Friday, November 18, 2011
Maturity, Defined
Certain people in my life have wound up on a list of people I would rather not see for one reason or another, the main reason being "too awkward." In my mind, they no longer exist. I don't wish them harm. They simply disappear. Vapor. Dust. Nothing.
Because of this very real scenario I've made up completely, I am overly surprised when I see one of these people walking around on this planet, still very much in existence.

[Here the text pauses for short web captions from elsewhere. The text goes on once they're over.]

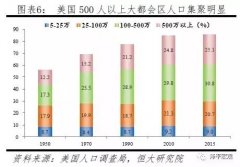 2019中国人口分布_中国人口大迁移：未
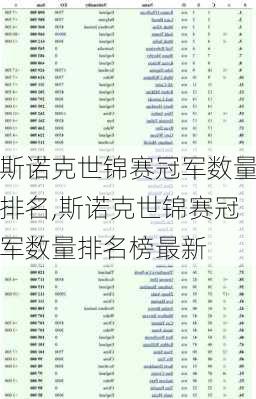 斯诺克世锦赛冠军数量排名,斯诺克世锦赛冠军数量排名榜最新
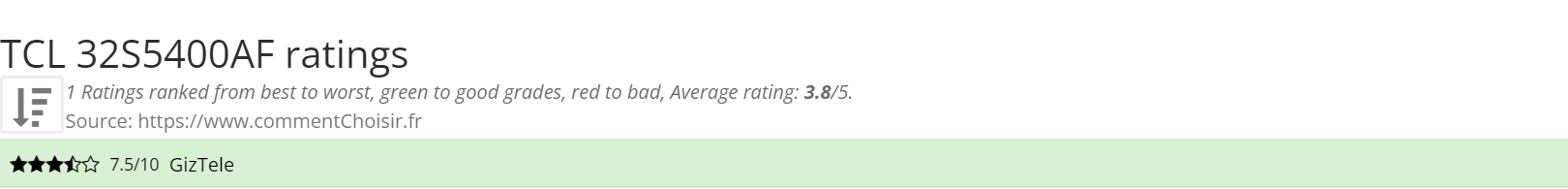 Ratings TCL  32S5400AF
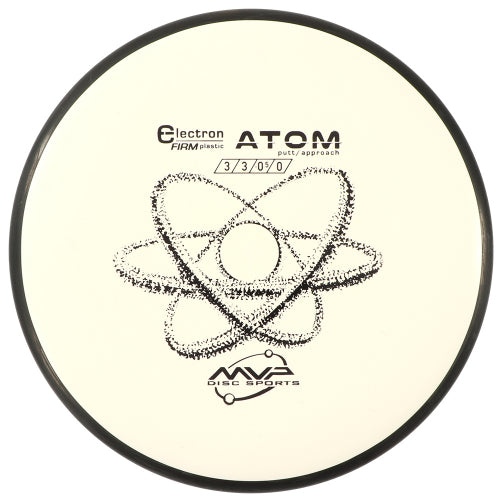 Electron Firm Atom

So as I sat in the back of Starbucks, facing the front doors, I stiffened, gritted, and stage whispered to T, L's here. Then I turned my face to the window. Then I turned my face to the counter. Then I turned my face back to the window, realizing these were my only two options.
T goes, L? Like, L L?
I answer, Yes, L.
She was like, Do you want to sit here? Her back was facing the doors, but by this time, L was at the counter and had we stood up, she would surely look over.
I answered, Nope.
Then T offered these two suggestions of disguise:
1. Put your sunglasses on.
2. Do you want my hair tie to put your hair up?
I showed her my wrist which bore my own hair tie and answered, she's known me long enough to know what I look like in sunglasses and a pony tail.
I relied on my own disguise of "Invisibility." That means I willed myself to be invisible, much in the same way children do when they think no one else can see them if they close their eyes. Instead of closing my eyes, however, (I'm not a child!), I tossed back the miniscule drop of what was left in my coffee cup timed perfectly to coincide when L walked by us. Apparently, she hasn't known me long enough to know what I look like while drinking out of a paper cup.
Either my amazing disguise worked or she chose to do much of the same thing I was doing--pretend it wasn't happening.
T, doing her best not to call attention to us, waited until she walked towards the doors to ask what she looked like now. I was like, much of the same. T got up and walked towards the front of the shop to see her and came back with, She drives a Mercedes?
I was like, No, and that means that totally was not her at all.
So she went back for a second look and came back with, No, it was her and she's driving a Volvo.
And then, flying by the window came L in her Volvo, looking exactly the same as I remember her when we used to hang out, her Starbucks in her cupholder, eyes on the road, making sure she didn't catch one more glimpse of me. Hmph, now that's mature.